THE BARREN GROUND
OF
NORTHERN CANADA


THE
BARREN GROUND
OF
NORTHERN CANADA

CHAPTER I

In the middle of June, 1889, I left Calgary for a drive of two hundred miles to Edmonton, the real starting-point for the great northern country controlled by the Hudson's Bay Company, and, with the exception of their scattered trading-posts, and an occasional Protestant or Roman Catholic Mission, entirely given up to what it was evidently intended for, a hunting-ground for the Indian.

My conveyance was a light buckboard, containing my whole outfit, which was as small as possible, consisting almost entirely of ammunition for a 12-bore Paradox and a 50-95 Winchester Express, besides a pair of large blankets and a little necessary clothing.

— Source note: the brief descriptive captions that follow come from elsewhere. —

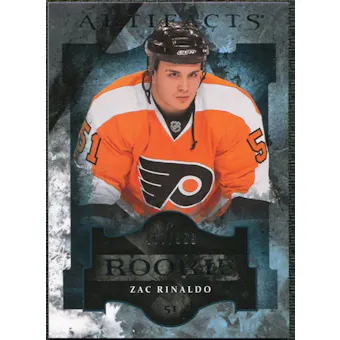 2011/12 Upper Deck Artifacts #188 Zac Rinaldo /999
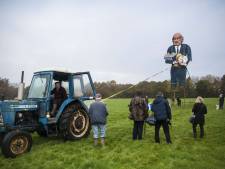 Une effigie de Blatter brûlée en place publique ce week-end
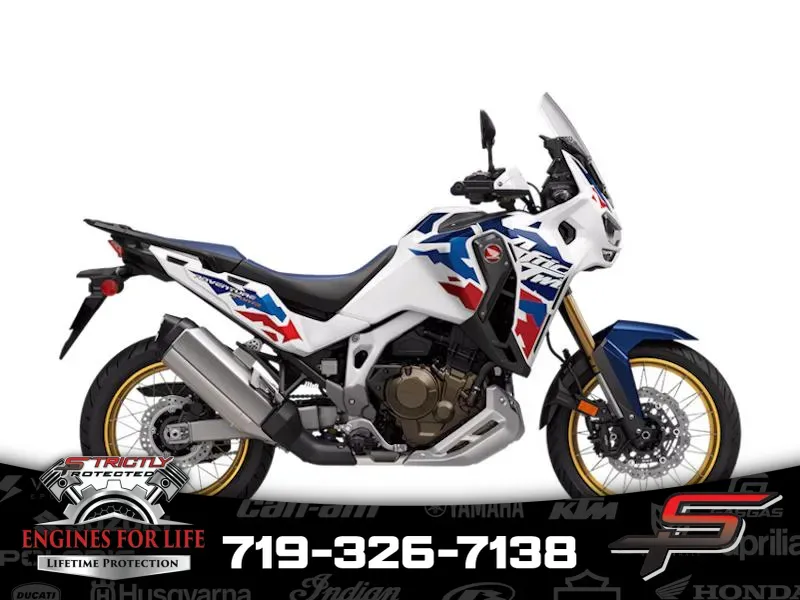 2025 Honda Africa Twin Adventure Sports ES for sale in Pueblo West, CO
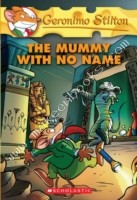 GERONIMO STILTON - 26 - MUMMY WITH NO NAME -  Geronimo Stilton - 9780439841177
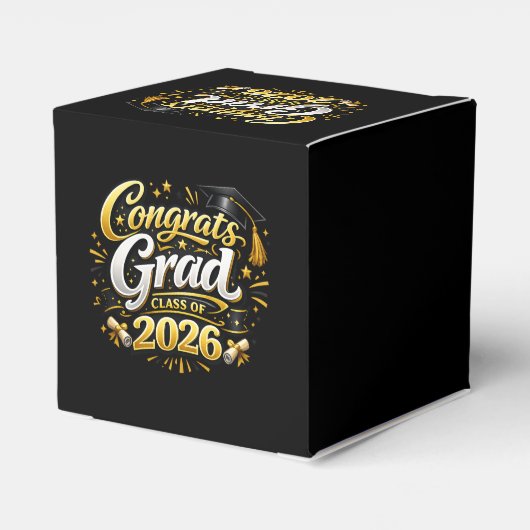 Class of 2026 フェイバーボックス (裏面サイド)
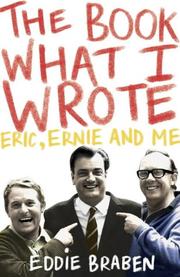 Front cover of The Book What I Wrote by Eddie Braben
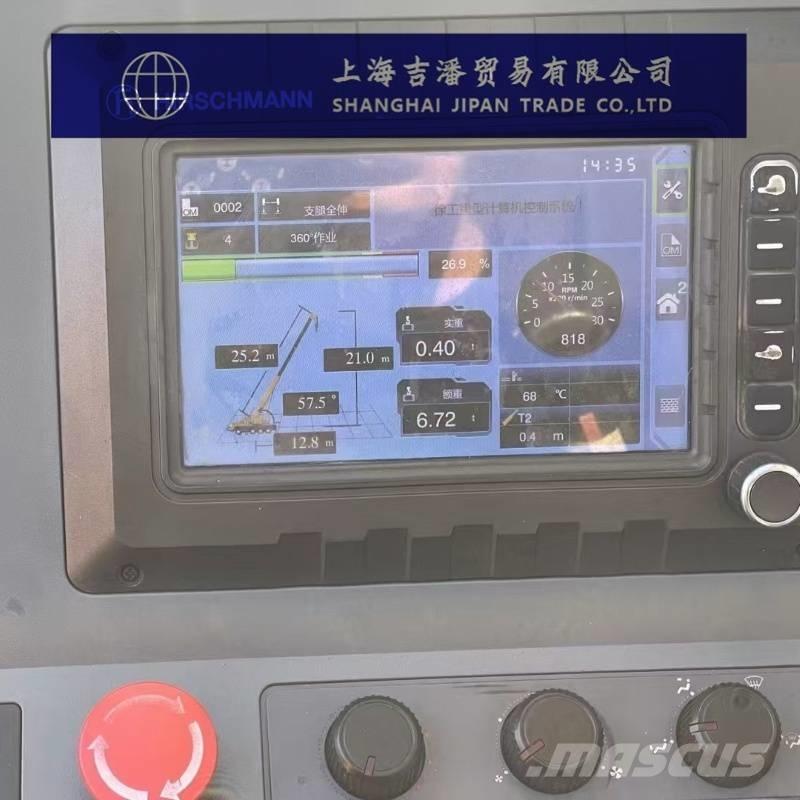 XCMG XCT 25 オールテレーンクレーン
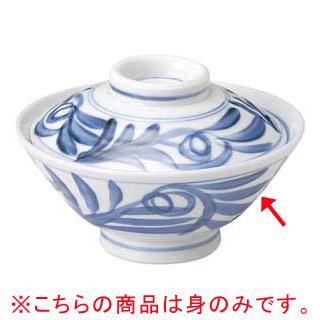 和食器 ユ358-388 古染唐草のり茶(身)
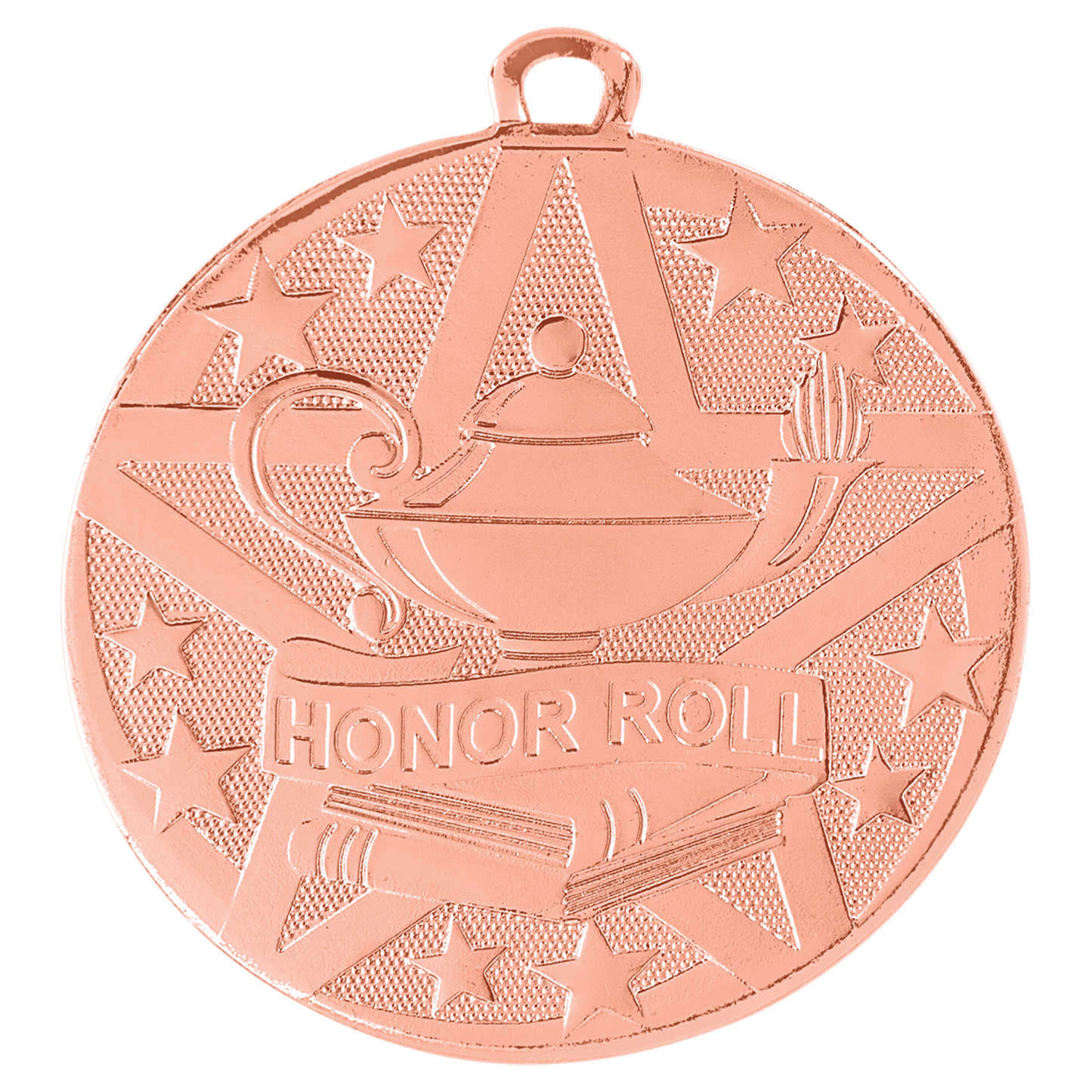 2" Honor Roll Medal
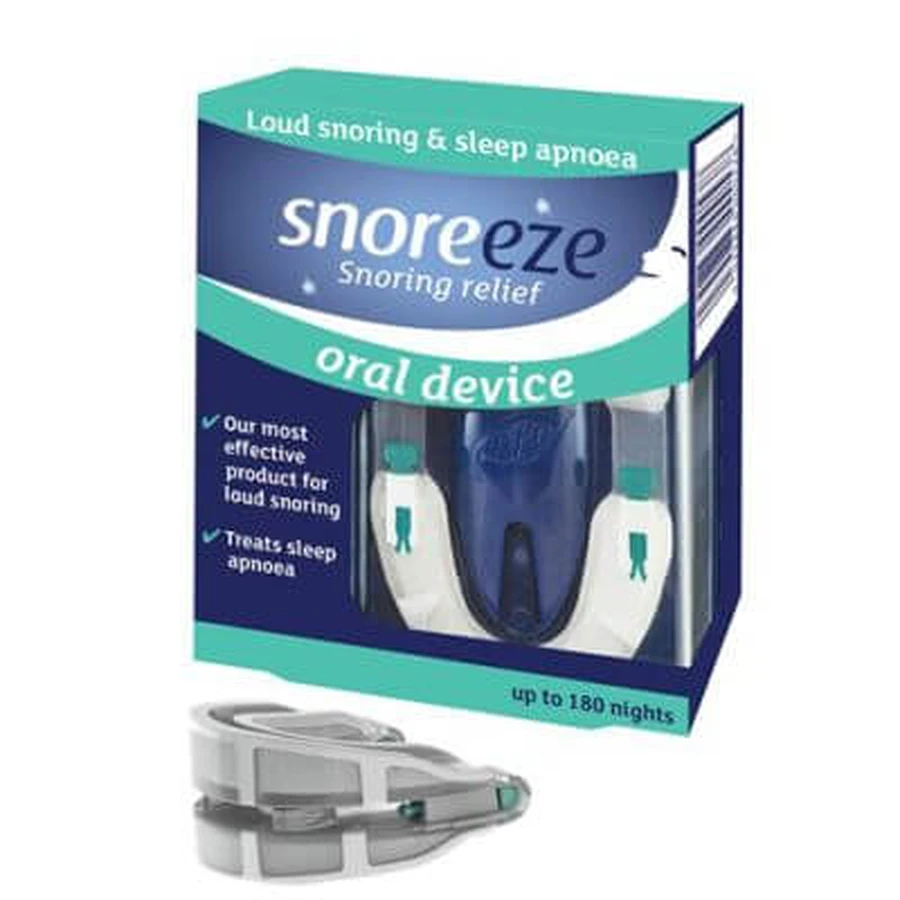 Snoreeze intraorales Gerät 22 ml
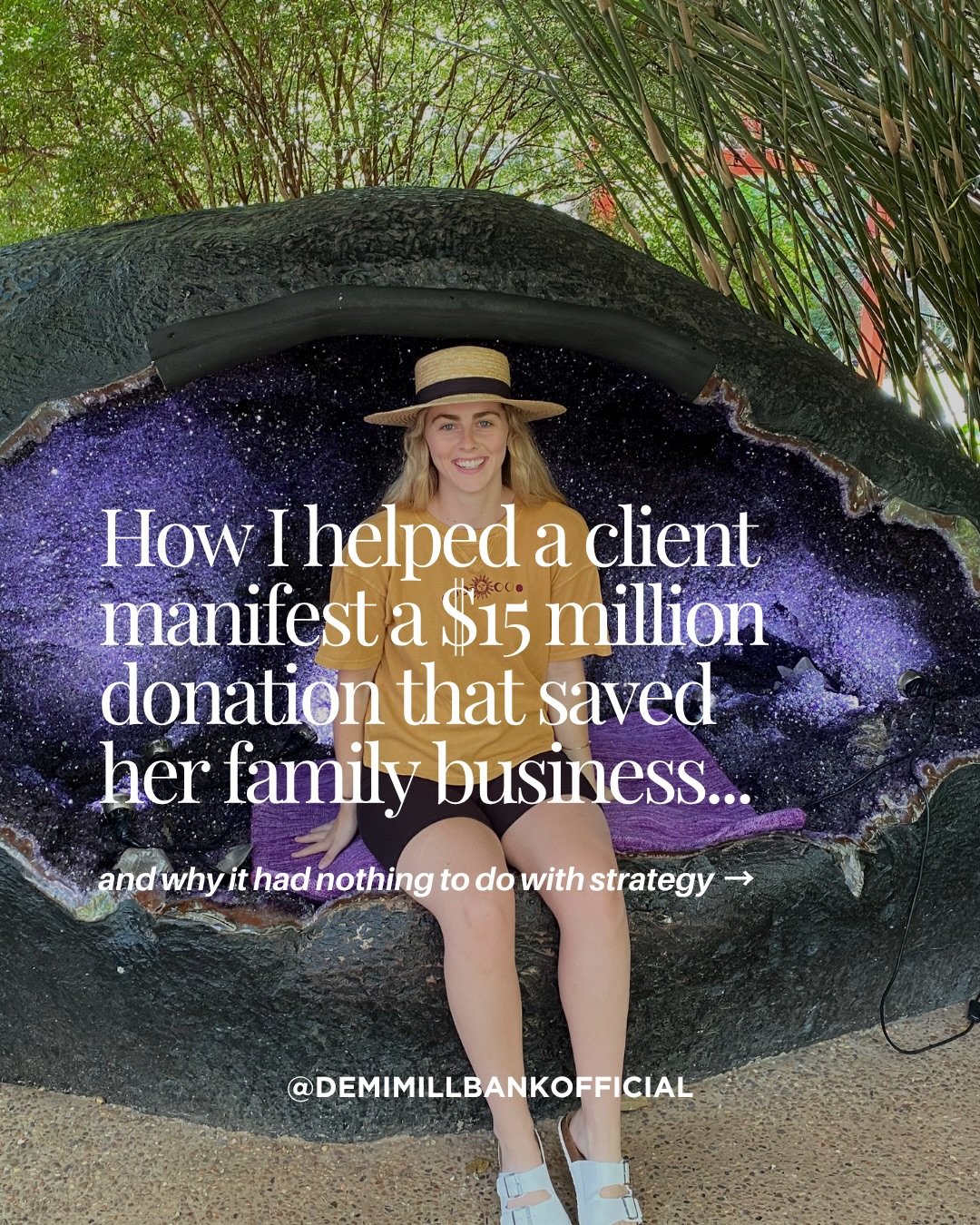 Everything you&rsquo;ve ever wanted has a somatic signature - a specific way it would feel in your body if you already had it.
The money has one, the relationship has one, the freedom, the peace. Each one lives somewhere in your body as a felt experi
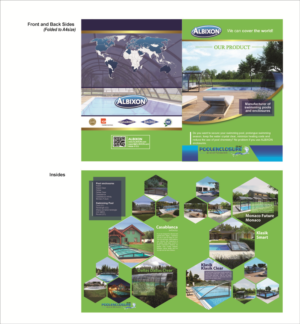 Brochure Design by bradafric 2 for B R TAYLOR LTD | Design #19005156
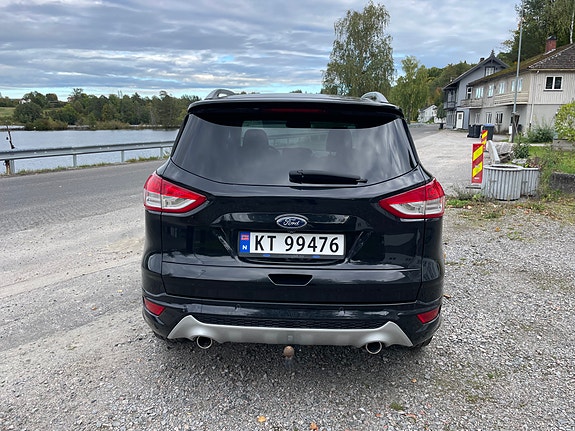Ford Kuga 4 of 23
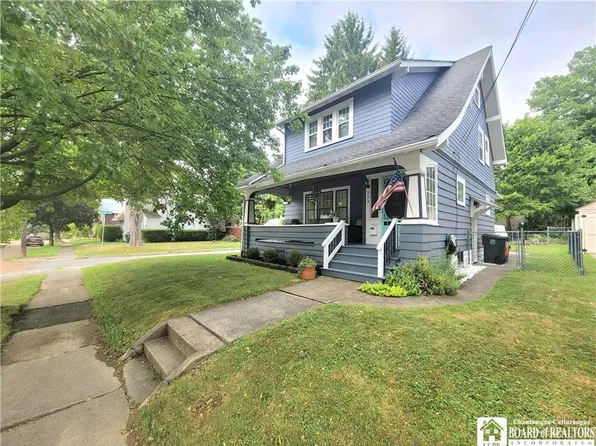 123 Myrtle St, Jamestown, NY 14701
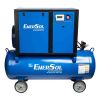 Компресор Enersol гвинтовий 1570 л/хв, 7,5 кВт, 200л, 198кг (ES-AC1570-200-1SS) - Зображення 1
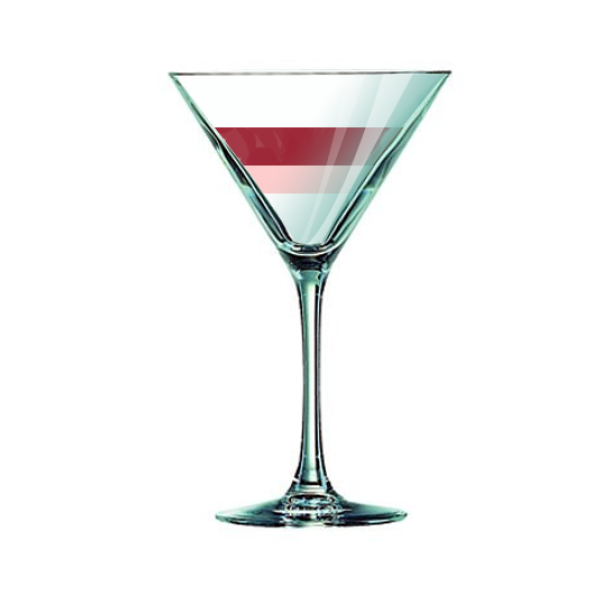 Visuel Cocktail – Rosette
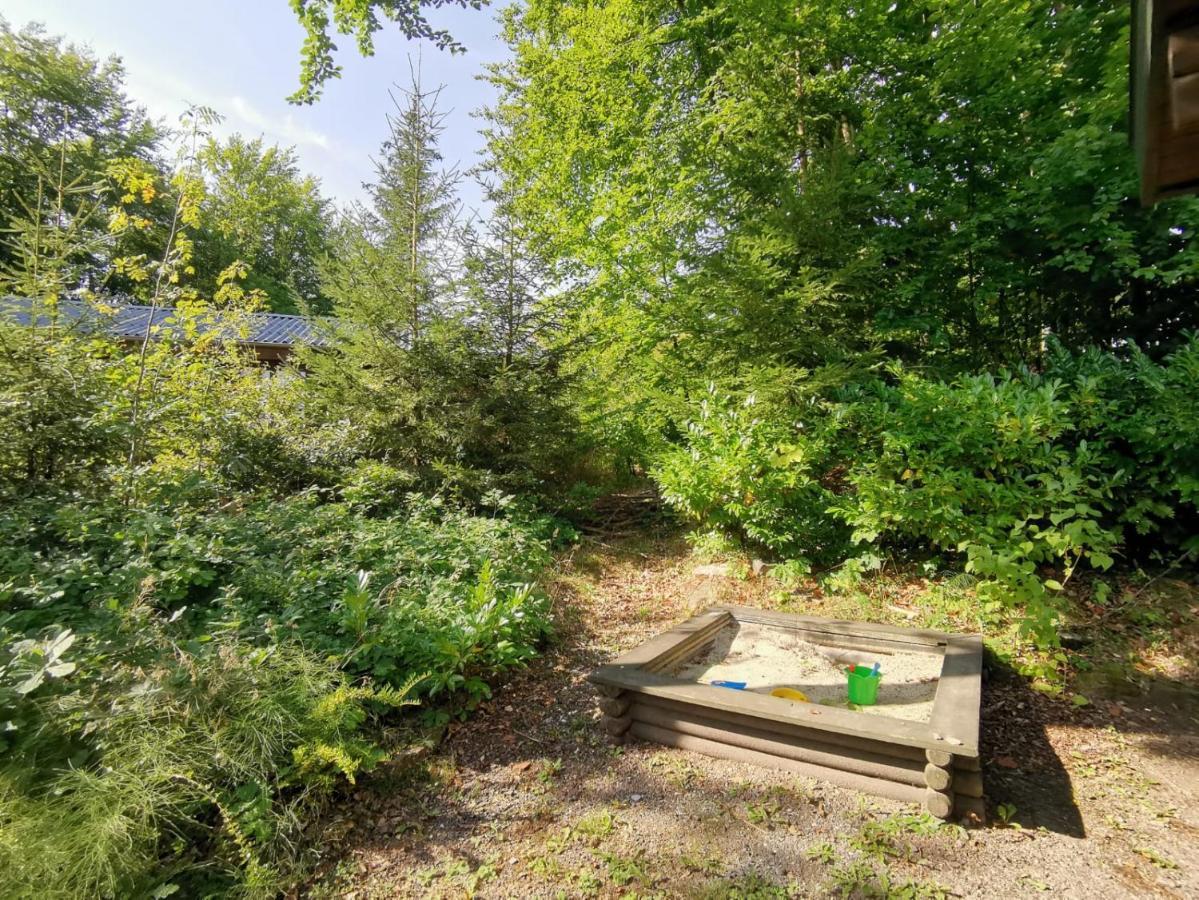 Blockhaus Am Twistesee Mit 3 Schlafzimmern Bad Arolsen Exterior photo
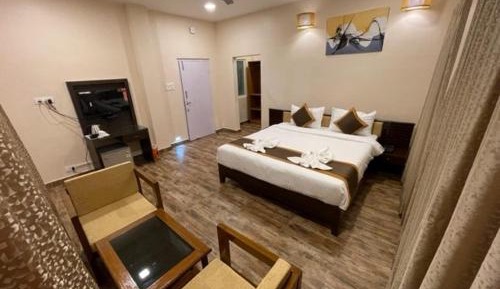 Double Room with Balcony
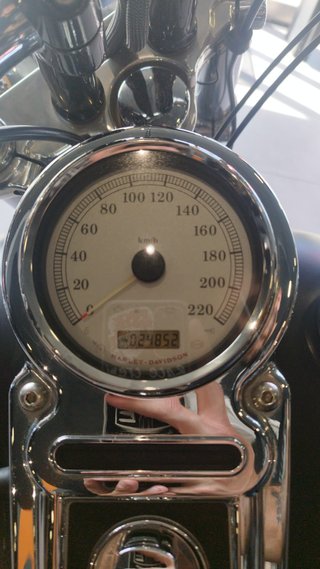 Harley Davidson Dyna Fat Bob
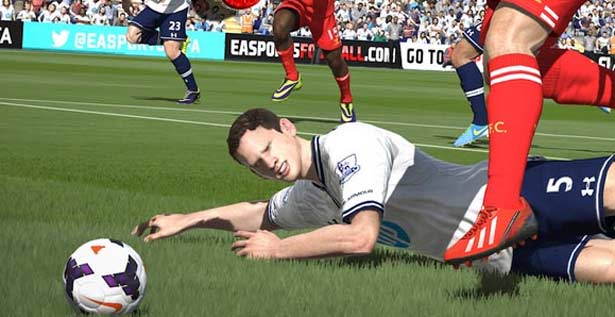 Divulgação/FIFA 15 Divulgação/FIFA 15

Forest fires were raging in the Rocky Mountains close at hand, and the thick smoke obscuring the sun, the heat was not nearly so fierce as usual at this time of the year; the road was good for a prairie road, and comfortable stopping-places each night made the journey quite easy. About sixty miles out the country loses the appearance of what is known among cattlemen as the bald-headed prairie, and is dotted with clumps of poplar, and occasionally pines; half way to Edmonton the road crosses the broad stream of the Red Deer, and passes through the most attractive country that I have seen in the north-west territories. It is being rapidly settled, and, with the convenience of a railway now building between Calgary and Edmonton, cannot fail to be an important farming and stock-raising district within a few years.